O vice-governador Felipe Camarão (PT) reuniu-se, em São Luís, com dirigentes do PSOL — Valdeny Barros e Franklin Douglas — e com o deputado federal Márcio Jerry (PCdoB), em um encontro que sinaliza a reorganização do campo progressista no estado.
A articulação é vista como o primeiro passo concreto para a construção de uma Frente Ampla de Esquerda, reunindo PT, PCdoB, PSOL e PSB, com foco direto na disputa pelo comando do Palácio dos Leões em 2026. Oficialmente, o diálogo gira em torno de programa e unidade.
Nos bastidores, porém, trata-se de uma movimentação estratégica para consolidar um projeto político próprio, ancorado no legado dos governos liderados por Flávio Dino.
O encontro, divulgado nas redes sociais, marca uma inflexão no tabuleiro político estadual.
O grupo político alinhado a Dino aguardava o cumprimento de acordos e a definição natural da sucessão.
Agora, a estratégia passa a ser de ocupação de espaços, ampliação de alianças e pressão direta sobre as direções nacionais dos partidos.
Palanque e identidade política
Um dos principais objetivos da articulação é concentrar, no Maranhão, a imagem e o apoio do presidente Luiz Inácio Lula da Silva em um único campo político.

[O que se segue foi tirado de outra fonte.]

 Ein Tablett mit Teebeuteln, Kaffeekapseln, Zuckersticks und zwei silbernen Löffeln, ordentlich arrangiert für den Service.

O eleitorado maranhense, especialmente no interior, mantém forte vínculo com o lulismo, o que torna o selo de autenticidade do PT um ativo decisivo.
Ao buscar o PSOL, Felipe Camarão amplia seu alcance para além da base tradicional, incorporando setores urbanos e militantes com forte presença em São Luís.
Já o diálogo com o PSB mira um partido que, embora formalmente afastado de Dino, ainda guarda vínculos históricos com o projeto iniciado em 2015.
“Vai avançar a unidade popular”, afirmou o deputado federal Márcio Jerry após o encontro. A declaração resume o espírito do movimento: menos espera, mais construção política.
O desafio interno das federações
Outro ponto sensível da estratégia envolve o futuro das federações partidárias. A Federação Brasil da Esperança (PT, PCdoB e PV) tem prazo de validade até 2026 e enfrenta divergências internas no Maranhão. O cálculo político passa por isolar posições dissonantes dentro da federação e fortalecer alianças externas que garantam maioria política e narrativa coerente junto às bases.
A sucessão maranhense deixa, assim, de ser apenas um processo administrativo e assume contornos de disputa política aberta.
De um lado, estruturas de poder e controle institucional. De outro, a tentativa de reconstruir uma maioria a partir da ideologia, do legado e da mobilização partidária.
No centro desse embate está o eleitor maranhense, que passa a acompanhar o início de uma disputa que promete ser uma das mais intensas das últimas décadas no estado.